A complete response lists each line of the data below that includes the word "water".

* RECORD SET:
▬▬▬

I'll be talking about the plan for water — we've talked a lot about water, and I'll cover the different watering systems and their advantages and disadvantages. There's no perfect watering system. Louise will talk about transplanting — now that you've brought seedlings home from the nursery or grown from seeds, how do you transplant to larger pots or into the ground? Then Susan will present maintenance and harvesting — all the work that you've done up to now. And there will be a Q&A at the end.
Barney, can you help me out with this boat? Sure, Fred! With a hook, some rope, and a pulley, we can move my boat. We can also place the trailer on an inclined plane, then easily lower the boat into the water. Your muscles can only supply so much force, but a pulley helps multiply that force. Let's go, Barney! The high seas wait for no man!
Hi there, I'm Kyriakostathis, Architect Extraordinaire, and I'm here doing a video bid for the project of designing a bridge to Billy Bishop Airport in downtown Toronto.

▬▬▬

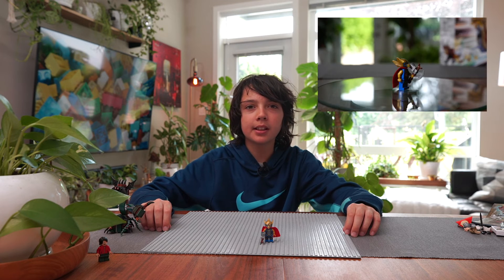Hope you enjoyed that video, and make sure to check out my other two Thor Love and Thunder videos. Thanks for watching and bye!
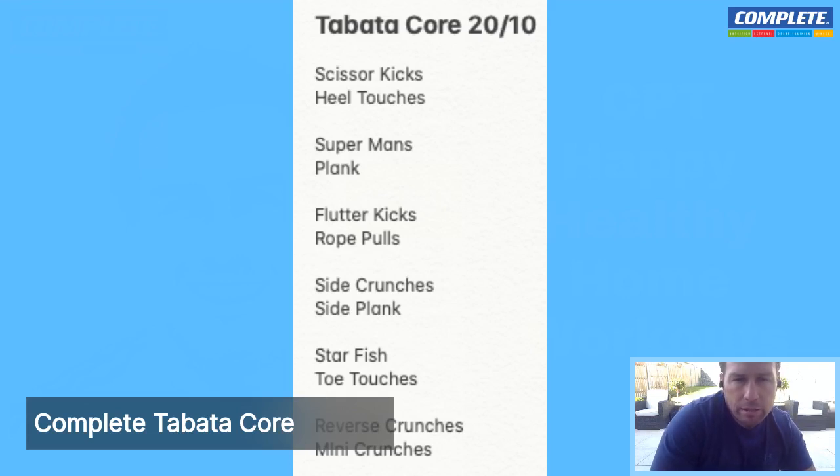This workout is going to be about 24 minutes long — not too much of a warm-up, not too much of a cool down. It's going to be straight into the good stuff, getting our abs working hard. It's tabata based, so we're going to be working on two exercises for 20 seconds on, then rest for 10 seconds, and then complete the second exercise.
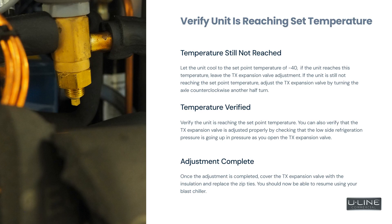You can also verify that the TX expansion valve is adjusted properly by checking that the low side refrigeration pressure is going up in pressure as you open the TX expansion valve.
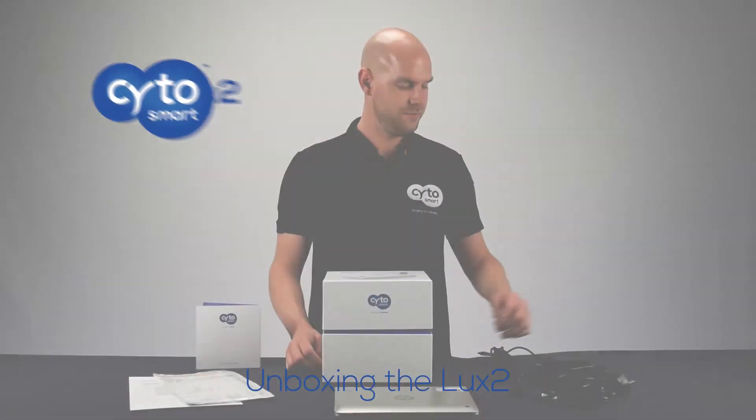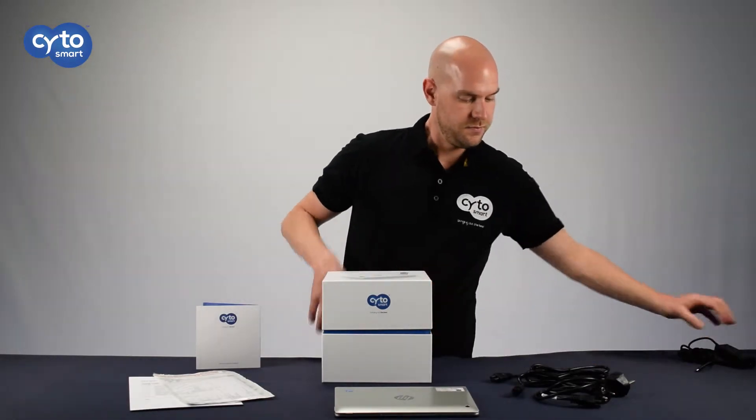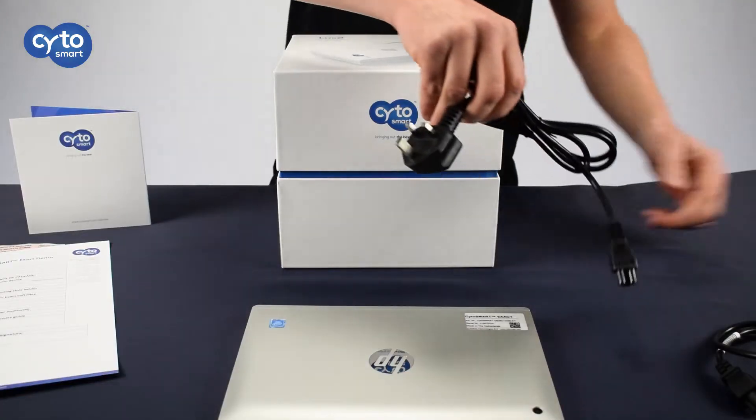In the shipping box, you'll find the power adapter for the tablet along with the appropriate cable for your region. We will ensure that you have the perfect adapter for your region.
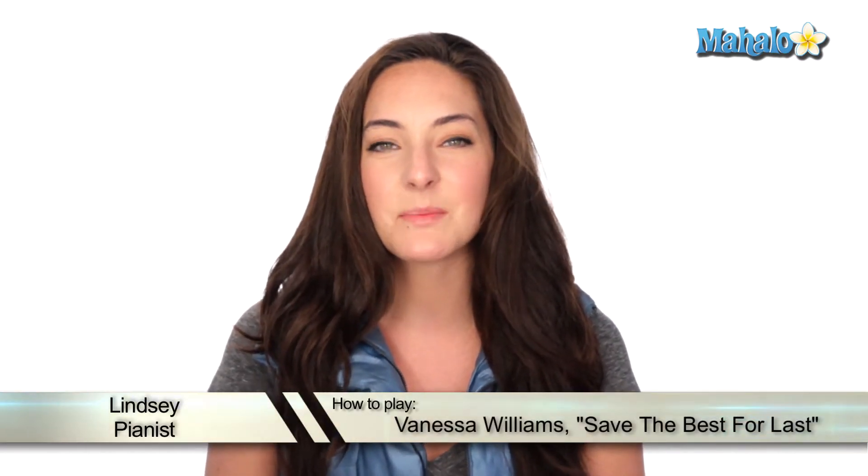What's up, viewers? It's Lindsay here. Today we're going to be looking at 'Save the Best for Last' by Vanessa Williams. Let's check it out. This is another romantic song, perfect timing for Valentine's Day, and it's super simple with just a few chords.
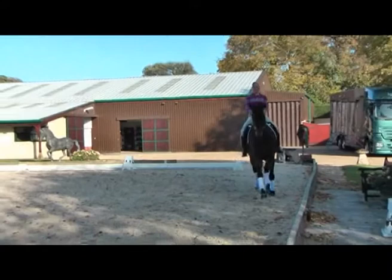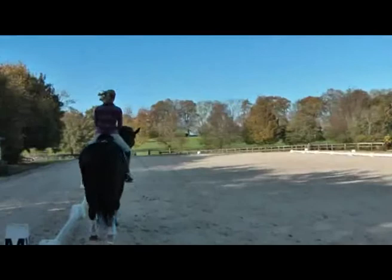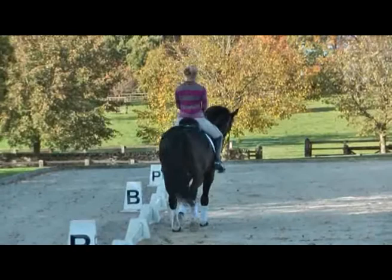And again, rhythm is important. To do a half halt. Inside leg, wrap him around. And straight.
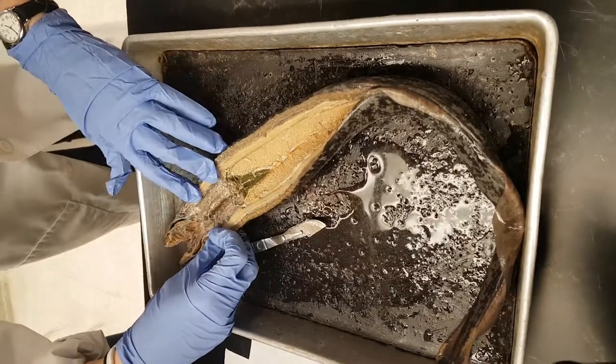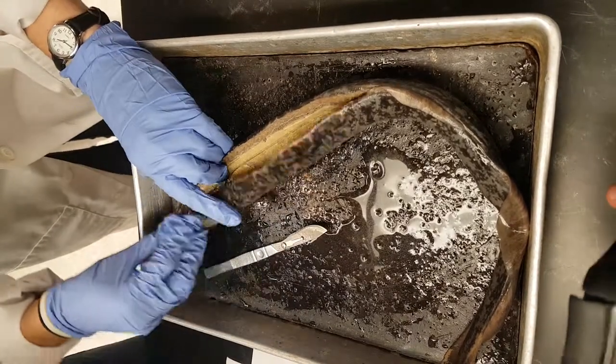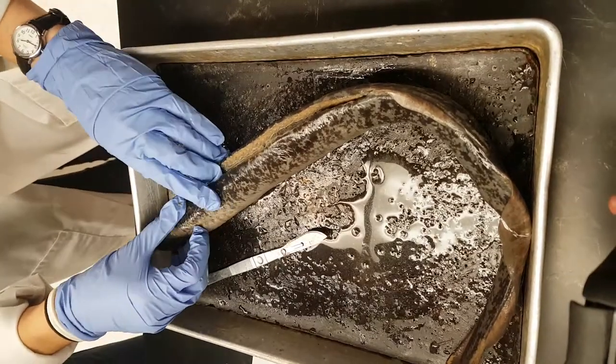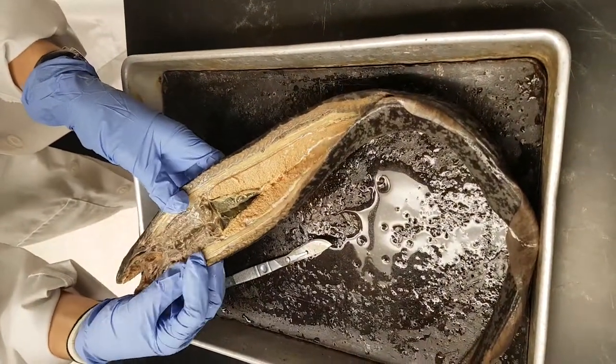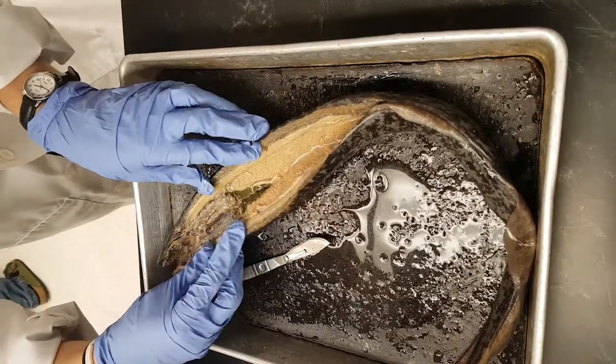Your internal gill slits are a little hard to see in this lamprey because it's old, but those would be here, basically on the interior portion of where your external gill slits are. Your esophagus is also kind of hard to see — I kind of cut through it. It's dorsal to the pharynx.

▬▬▬

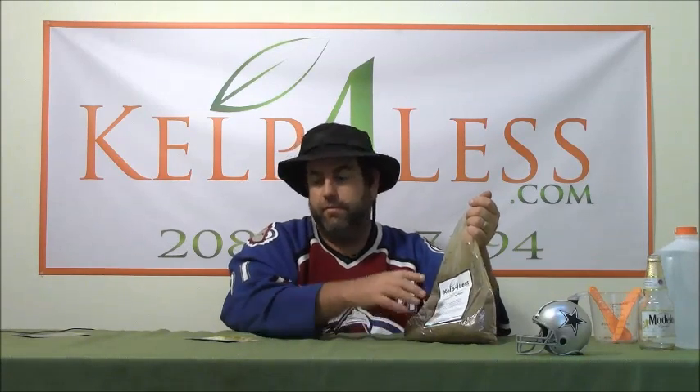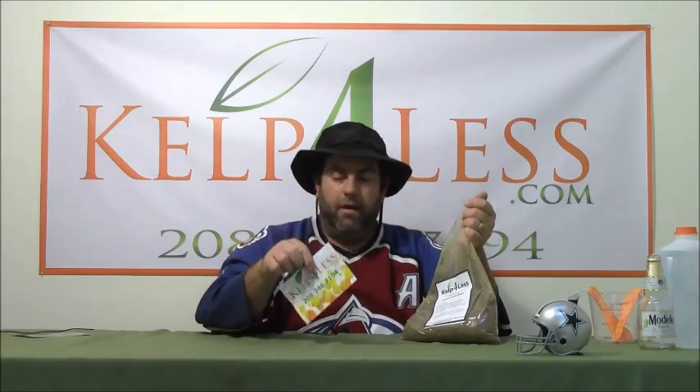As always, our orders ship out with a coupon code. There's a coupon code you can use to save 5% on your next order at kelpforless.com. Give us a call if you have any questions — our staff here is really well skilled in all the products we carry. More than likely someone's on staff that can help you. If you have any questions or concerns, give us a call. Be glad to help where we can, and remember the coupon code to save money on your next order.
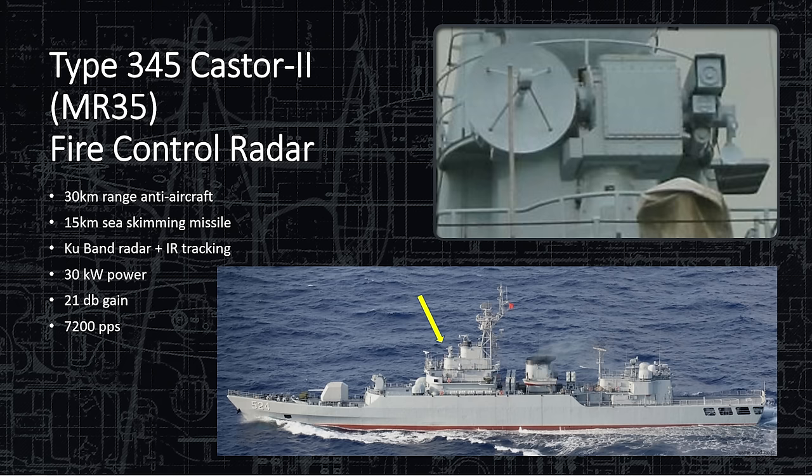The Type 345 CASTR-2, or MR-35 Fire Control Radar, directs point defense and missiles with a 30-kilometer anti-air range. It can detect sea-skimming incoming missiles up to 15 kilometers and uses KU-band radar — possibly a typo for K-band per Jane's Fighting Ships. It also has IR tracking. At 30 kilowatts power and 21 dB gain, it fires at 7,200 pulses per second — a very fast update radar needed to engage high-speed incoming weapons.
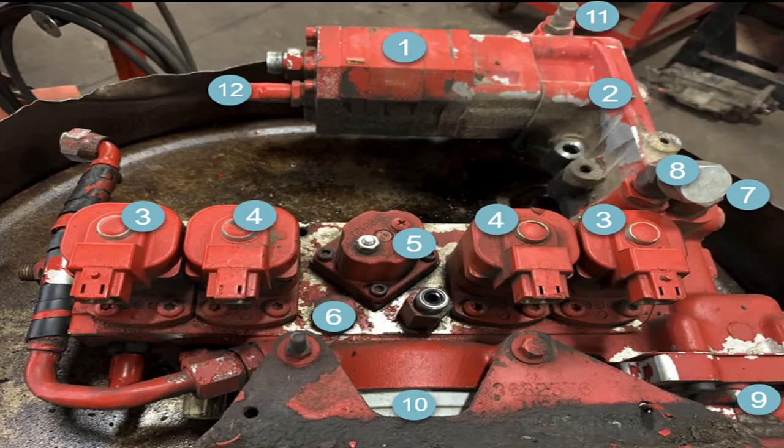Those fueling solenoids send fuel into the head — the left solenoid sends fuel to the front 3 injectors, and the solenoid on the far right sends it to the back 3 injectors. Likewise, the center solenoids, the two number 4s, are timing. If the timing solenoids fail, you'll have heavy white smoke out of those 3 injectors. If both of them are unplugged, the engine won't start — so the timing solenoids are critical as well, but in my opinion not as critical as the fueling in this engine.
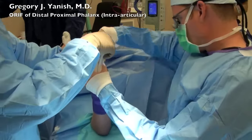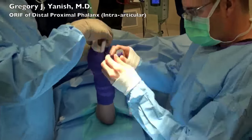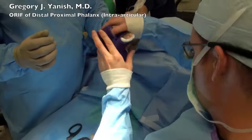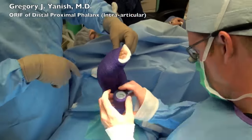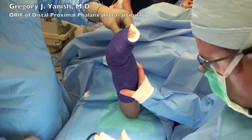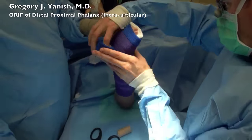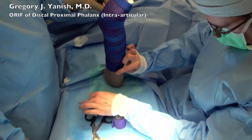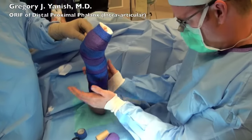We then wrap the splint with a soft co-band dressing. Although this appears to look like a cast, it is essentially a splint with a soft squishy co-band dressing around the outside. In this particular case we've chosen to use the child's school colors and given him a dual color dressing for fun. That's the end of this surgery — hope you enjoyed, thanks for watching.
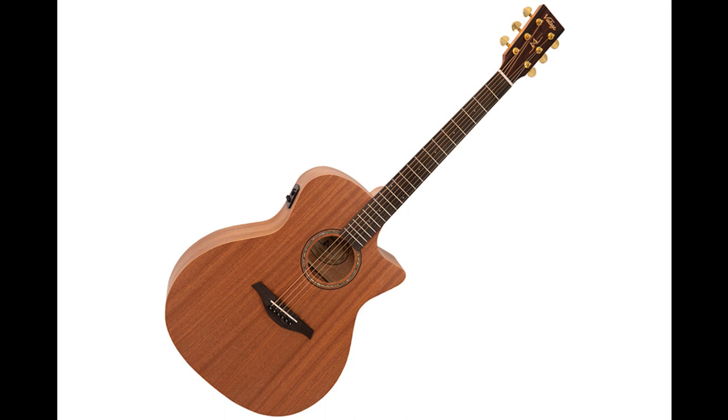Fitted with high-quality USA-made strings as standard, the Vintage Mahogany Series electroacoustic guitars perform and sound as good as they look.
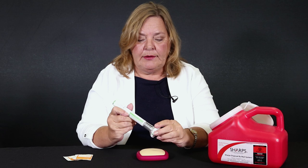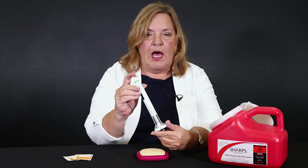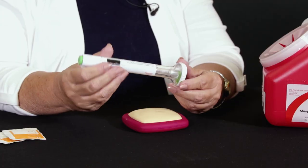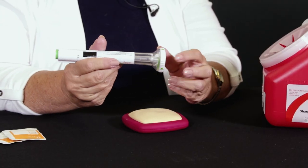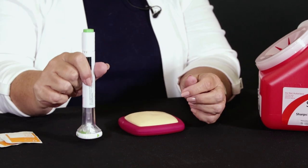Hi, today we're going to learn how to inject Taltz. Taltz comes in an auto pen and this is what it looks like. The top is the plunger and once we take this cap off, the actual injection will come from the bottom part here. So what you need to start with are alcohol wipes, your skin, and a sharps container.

▬▬▬

* WRITTEN ANSWER:
I'll be talking about the plan for water — we've talked a lot about water, and I'll cover the different watering systems and their advantages and disadvantages. There's no perfect watering system. Louise will talk about transplanting — now that you've brought seedlings home from the nursery or grown from seeds, how do you transplant to larger pots or into the ground? Then Susan will present maintenance and harvesting — all the work that you've done up to now. And there will be a Q&A at the end.
Barney, can you help me out with this boat? Sure, Fred! With a hook, some rope, and a pulley, we can move my boat. We can also place the trailer on an inclined plane, then easily lower the boat into the water. Your muscles can only supply so much force, but a pulley helps multiply that force. Let's go, Barney! The high seas wait for no man!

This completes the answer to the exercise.